Prism: mapping interpretable concepts and features in a latent space of language | thesephist.com
๐ Abstract
The article explores a scalable, automated way to directly probe embedding vectors representing sentences in a small language model and "map out" what human-interpretable attributes are represented by specific directions in the model's latent space. It discusses the key ideas, methodology, results and applications, caveats and limitations, and future work of this research.
๐ Q&A
[01] Key ideas
1. What are the key ideas presented in the article?
- Sparse autoencoders can discover tens of thousands of human-interpretable features in text embedding models.
- Interventions in latent space enable precise and coherent semantic edits to text that compose naturally.
- Large language models can automatically label and score its own explanations for features discovered with sparse autoencoders, and this process can be made much more efficient with a new approach called normalized aggregate scoring.
2. What are some examples of the human-interpretable features discovered by the sparse autoencoders? The article provides a "Feature gallery" with examples of features discovered, including:
- Topic/subject matter features (e.g. legal concepts, cellular biology, trains, baking)
- Sentiment and tone features
- Specific word or phrasing features (e.g. starts with 'L', uses 'despite' for contrast)
- Punctuation, grammar, and text structure features (e.g. first-person quotes, comma-separated adjectives)
- Number, date, and counting features
- Natural and programming language features
3. How does the author use these discovered features to enable semantic text editing? The author demonstrates examples of making precise semantic edits to text by modifying the embedding in the direction of specific features, such as turning a statement into a question using the "Interrogative sentence structure" feature. The author also shares a novel "feature gradients" approach that uses gradient descent to make these edits even more precise.
[02] Methodology
1. How does the author train the sparse autoencoders? The author uses a two-layer autoencoder model with a hidden layer size that is 8x, 16x, 32x, or 64x larger than the input/output embedding size. The training process involves:
- Using a medium-sized English dataset (Minipile) to generate 31M sentence embeddings
- Training the sparse autoencoder to reconstruct the embeddings while also optimizing for sparsity
- Monitoring the log feature density histogram during training to look for a "second bump" indicating good, interpretable features
2. How does the author use GPT-4 to automatically label and score the discovered features? The author uses a two-step process:
- Labeling with chain-of-thought: GPT-4 is shown the top 50 highest-activating examples for a feature and asked to describe the common attribute.
- Normalized aggregate scoring: GPT-4 is asked to rate the fraction of both high-activating and non-activating examples that fit the auto-generated label, and the difference between the two fractions is used as a normalized confidence score.
[03] Results and applications
1. What are some of the key findings from studying the discovered features?
- Larger models have more interpretable features, and the features become more specific as model size increases.
- The features can provide insights into what the embedding model "sees" in a given input text.
- The features can be used to explain why certain embeddings are closer together or how adding context affects the encoding.

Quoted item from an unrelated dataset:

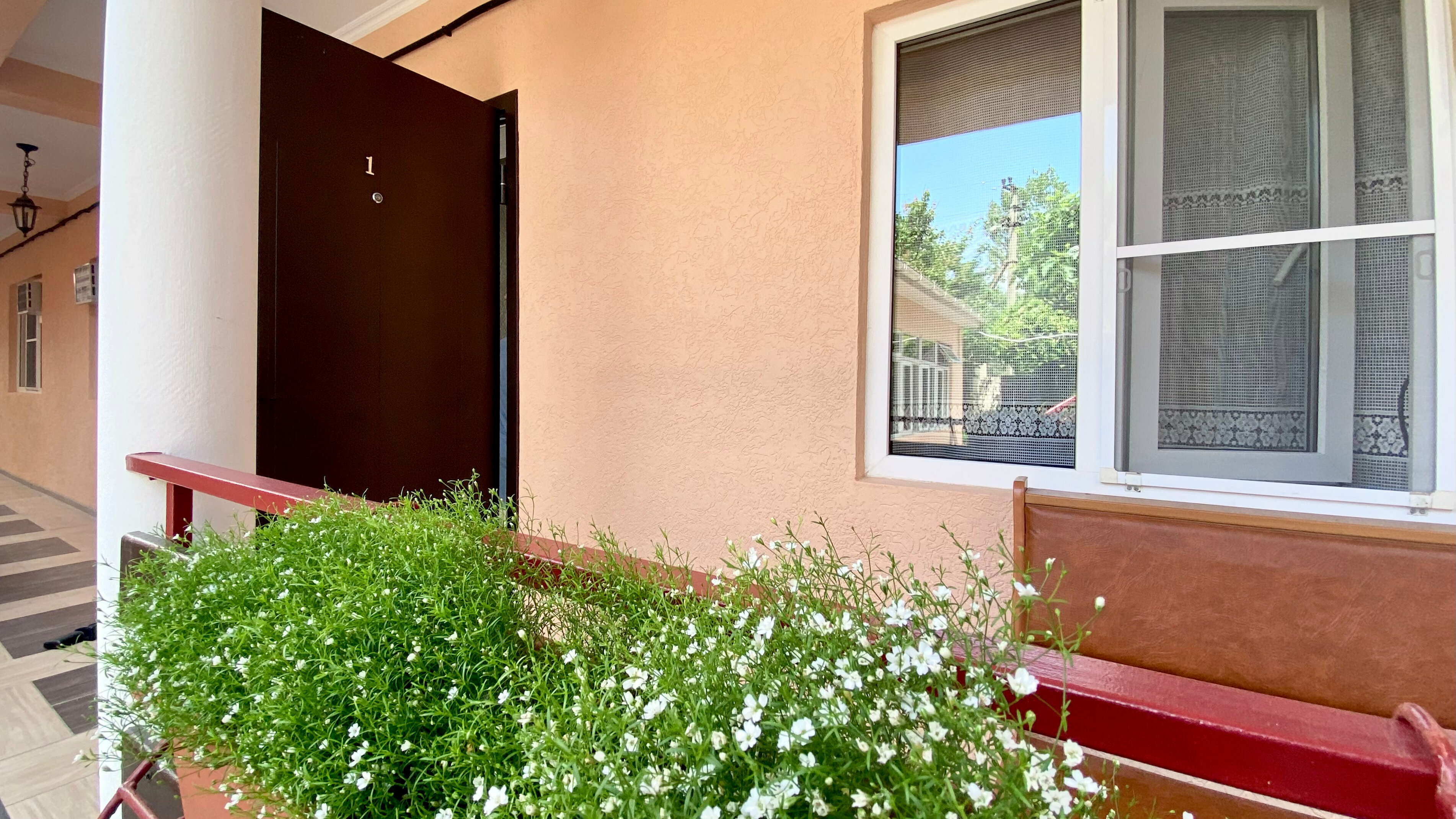 Трехместный номер с собственной ванной комнатой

2. How does the author use the discovered features for semantic text editing? The author demonstrates several examples of making precise semantic edits to text by modifying the embedding in the direction of specific features, such as adding nautical terms, introducing randomness, or translating to French. The author also shares a "feature gradients" approach that uses gradient descent to make these edits even more precise.

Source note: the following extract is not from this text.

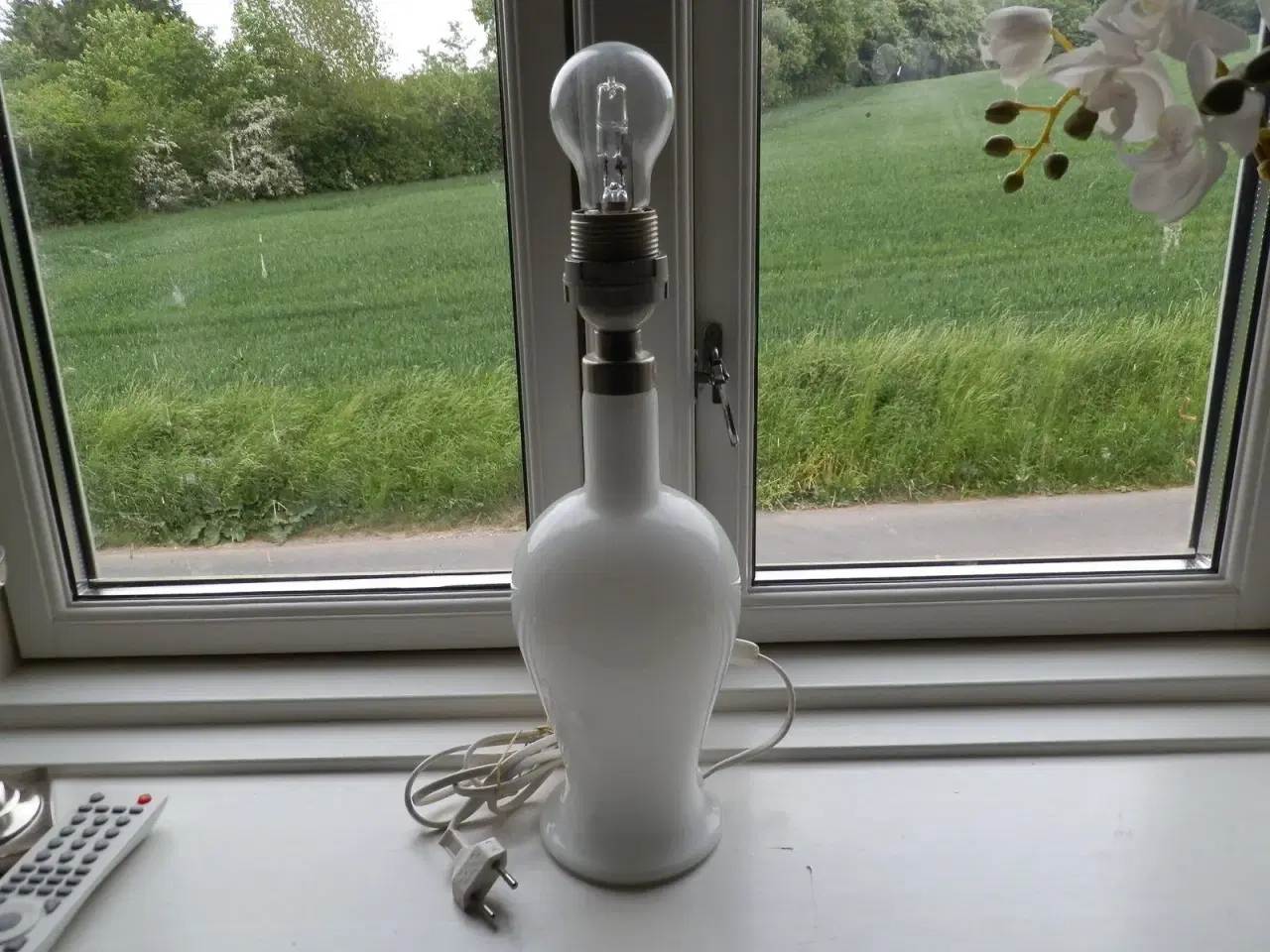 Billede 1 - Hvid Royal Copenhagen bordlampe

3. What are the limitations and caveats of this work? The author notes that sparse autoencoders are a relatively new technique, so the current approach is more of a proof-of-concept than a rigorous claim about the interpretability of embedding spaces. The author also acknowledges that the automated labeling and scoring approach is less rigorous than OpenAI's work, and that the feature labeling may miss some nuances due to only considering top-activating examples.
[04] Future work
1. What are the author's plans for future work? The author plans to:
- Scale the sparse autoencoder approach to larger, more production-grade models like Llama 3 8B and OpenAI's CLIP
- Explore extending the techniques to other modalities like images, audio, and code
- Investigate advancements in sparse autoencoder architecture and training recipes
- Deepen the understanding of how features and feature spaces relate across different models and datasets
2. What are the broader implications and design possibilities the author envisions from this work? The author is excited about the potential to use the discovered features and semantic editing capabilities to build richer, more direct interfaces for interacting with foundation models and information. This could include visualizing feature activations across documents, enabling "copy-paste" of stylistic elements, and treating semantics, style, and structure as first-class formatting controls in creative applications.